Он благоразумно сник, отступив, спрятав неуместную гордыню.
- И на десятую долю не потяну, - уменьшил свои способности. – Знаю, а язык подлый чешется. И не у меня одного, нас, писак, расплодилось в последнее время, хоть писательский пруд пруди, еле сдерживаемый читательской плотиной. Каждый, даже бывший троечник, словно ошалев от свободы опорожнить завшивевшие мозги и зачерствевшую душу, спешит облагодетельствовать весь мир своими безграмотными шедеврами и дохлыми идеями, не сомневаясь, что они гениальные. Особенно стараются женщины, у которых язык лучше подвешен, натренированный в бабском трёпе.
- Да, - согласилась женщина, - у нас язык лучше подвешен, мозги не зациклены на конъюнктуре, у нас больше бытовой житейской практики, мы целеустремлённее вынужденно, эмоциональнее от природы и меньше стыдимся в проявлении собственных чувств, не жалея обнажать чужие, нам просто больше есть что сказать. Но не это двигает женскими мозгами и послушной рукой с ручкой, а вечное желание от роду уравняться с мужчиной, доказать, что и мы не лыком шиты, что и мы способны в том престижном виде интеллектуальной деятельности, в котором у вас незаслуженный приоритет. Доказать, что и мы не менее умны и талантливы, и не только в писательстве, но и во всех видах искусства.
- Вася! – восхищённо вставился Валя. – Ты меня убиваешь! Поднимаю лапки кверху, - и шутливо поднял руки, нисколько не сомневаясь в приоритете мужчин.
Но она ещё не кончила, у неё ещё было, что сказать в защиту женщин-выскочек, к числу которых она причисляла и себя.

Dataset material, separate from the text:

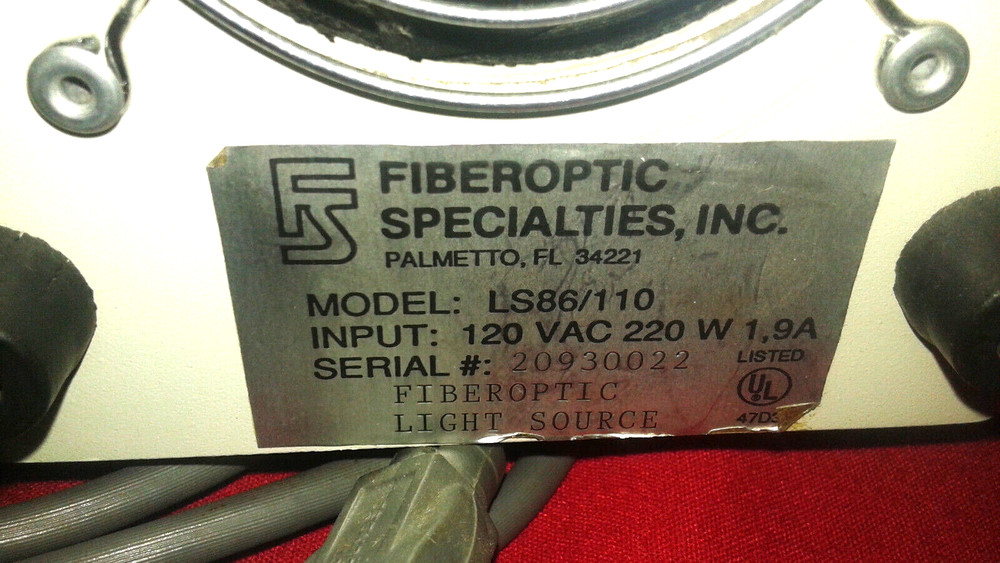 Fiberopic Light Source LS86/110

- Ты как будто только что родился, закис там, на границе, в изоляции, и не знаешь, что испокон веков идёт борьба за лидерство, конкуренция за шоколадное существование, а у людей в последнее цивилизационное время ещё ярче высветился популизм. Грязнее всего они среди умных и талантливых – людей искусства и, особенно, среди артистов и писателей, уж не говорю про политиков. И всё для удовлетворения раздутого, гипертрофированного тщеславия. Женщины тоже в открытую активно включились в эту борьбу.